Chief Justice John Roberts enjoyed something of a reprieve from liberal attacks on his judicial temperament after he upheld Obamacare, but the honeymoon is drawing to a close.
National Journal Magazine’s July 28 cover labels Roberts “the revolutionary” to resurrect the argument that he and his fellow Republican appointees will not rest until they push the Supreme Court so far to the right as to endanger the New Deal and Roe vs. Wade.
“[T]he steady churn in Washington politics has produced a Court that, for the first time in modern history, is cleaved into distinct warring camps,” James Oliphant writes in the magazine. “Republican presidents appointed Roberts and the four conservatives; Democrats selected Ginsburg and her three liberal allies. The judicial vetting process produces fewer and fewer wildcards; fewer fence-straddlers; fewer Byron Whites, Lewis Powells, O’Connors, and Kennedys.”
This paragraph contains at least one glaring contradiction. “The four conservatives” that Oliphant dismisses as a mere “warring camp” includes Justice Anthony Kennedy, whom he offers as a principled, politically moderate justice two sentences later.
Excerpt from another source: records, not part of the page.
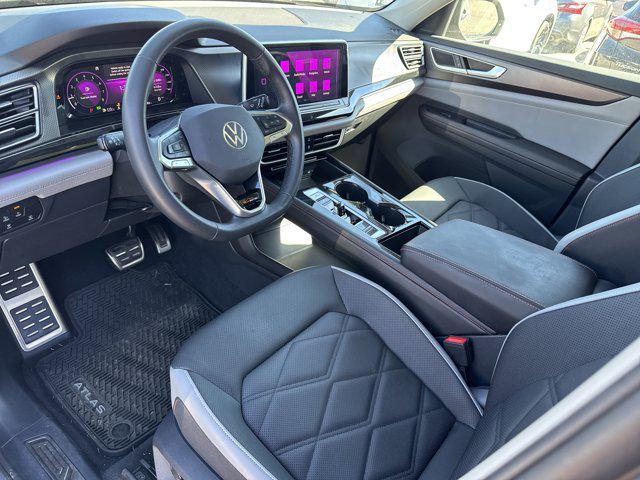 used 2025 Volkswagen Atlas car, priced at $40,290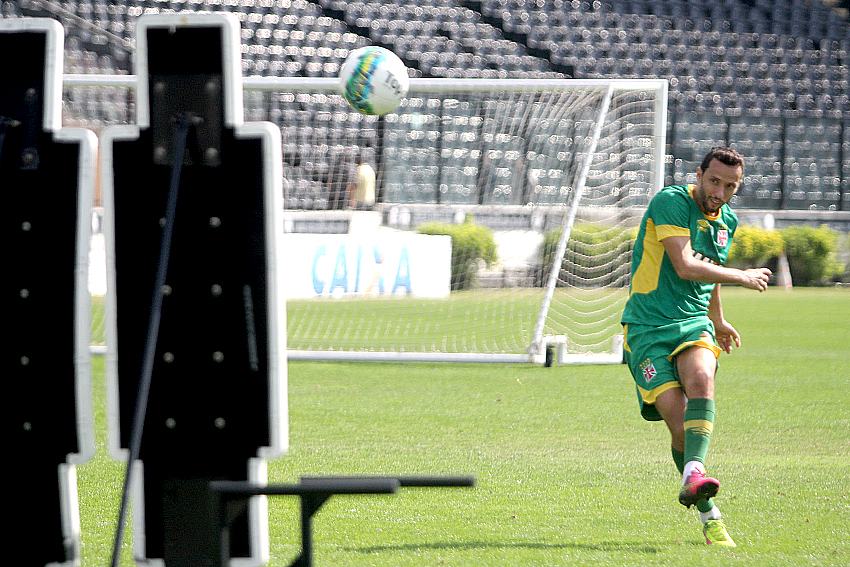 Camisa 10 do Vasco pede que série de derrotas não atrapalhe psicológico vascaíno (Foto: Paulo Fernandes/ CRVG)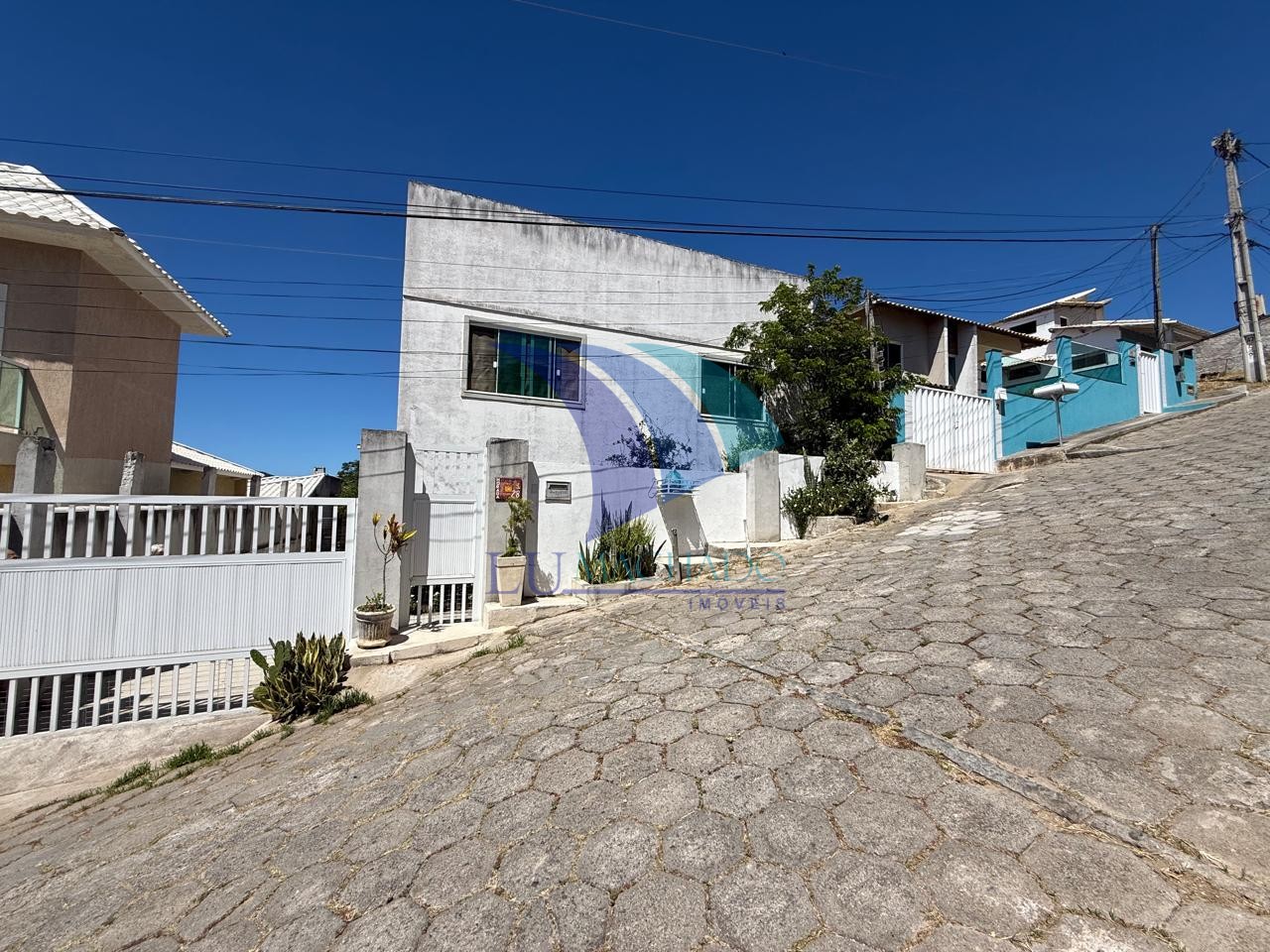 Casa à venda e aluguel com 3 quartos, 197m² - Foto 31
Oliphant then quotes a legal scholar to get at the real problem. “What’s striking now, there is no Republican appointee on the Court who is a Democrat,” NYU’s Richard Epstein (an opponent of Obamacare) says in the story. Oliphant seems less troubled by the dearth of Democratic appointees who appear to be Republican — perhaps because he dislikes Roberts’ Obamacare ruling insofar as it reflects a “view that puts strict limits on the federal power, one where the Constitution protects economic liberty as a civil right, and one that, in a sense, flips the calendar back to the Gilded age.”
For his part, Oliphant appears determined to flip the calendar back to the pre-Obamacare ruling age — when liberals attacked Roberts as a conservative ideologue and he appeared (the appearance is not necessarily correct) to vote with the liberals in order to weaken that charge.